Mas, se me perguntassem agora: "Danilo, o que você tem a declarar?", eu, um pouco suado e ofegante, diria que foda-se. Assim mesmo, sem ponto de exclamação, sem tanto vigor, como um suspiro solto após um longo dia de trabalho. É isso mesmo. Foda-se. Eu estou cansado.

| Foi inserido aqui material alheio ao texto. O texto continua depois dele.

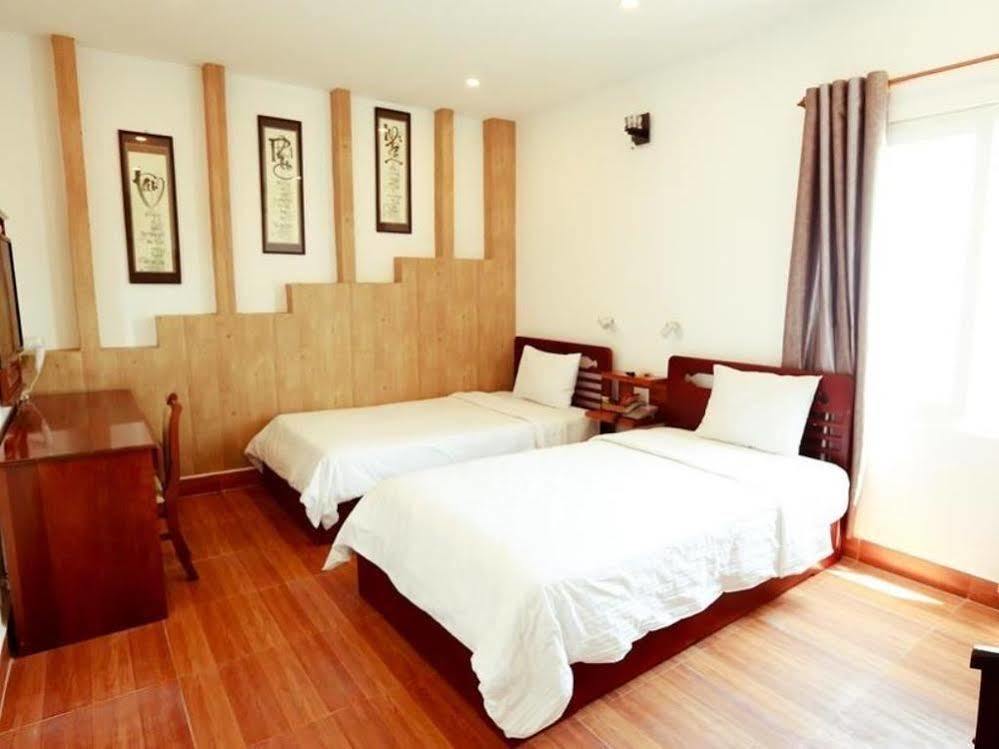 Xuan Hung Hotel Дананг Екстериор снимка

Talvez (eu supondo, mais uma vez), as merdas sempre comecem quando começamos a pensar demais. Too much blood in your brain, you know. Há um contato com a simplicidade e com as pulsões primitivas (alguns dizem naturais) que se perde neste momento: um brinde de água suja à sapiência do Homo que se esquece como ser um animal! Isto é tautológico: a admiração irrefletida termina quando inicia a reflexão, e a simplicidade com a erudição. Para-se a dança, a jam, a caça, o beijo, a contemplação estética: o sendo torna-se sido para dar lugar aos juízos e às indagações. E se é a isso que se resumem as minhas vivências e se é a isso que estou preso, mas que grande merda de vida é a minha! Preferiria mil vezes eu ter nascido um cachorro: eu viveria livremente, ainda que preso às correntes de minhas pulsões de sobrevivência e de prazer.

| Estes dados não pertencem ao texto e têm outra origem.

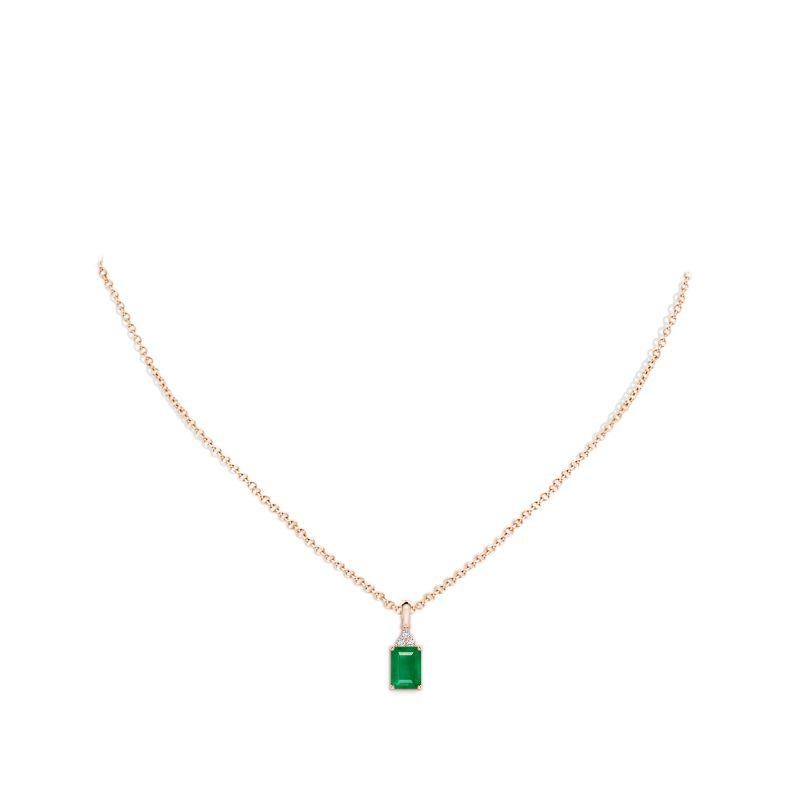 Taglio smeraldo Ciondolo con smeraldo naturale e diamante in oro rosa di dimensioni 7x5 mm in vendita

Mas aparentemente há muita força no "foda-se!", e essas indagações não são incômodas por si mesmas, mas o são porque estão deslocadas. Surgem em momentos desnecessários, inesperados e não são bem-vindas como as chuvas de verão em fins de tardes ensolaradas. Todas elas, entretanto, farão sentido, terão razão de existir e justificarão sua presença neste blog se me conduzirem de volta à primitividade, à simplicidade, à admiração não erudita e compulsória, à irreflexão e à contemplação imediata. Devolvam-me a vida que eu quero levar! Conduzam-me novamente ao estado do qual não gostaria de ter saído! Corrijo: vocês existem para ordenar o meu mundo, não para me dilacerar e incomodar; vocês mandaram bem quando me apresentaram o lado B da vida, o lado não ditador e não conservador, o lado sem regras e caótico e também o que está além da ordem e do caos, mas sumam da minha cabeça! Preciso endireitá-la, e se para garantir tal retidão eu precisar optar ou pela erudição ou pela rusticidade, eu opto pela segunda! E foda-se!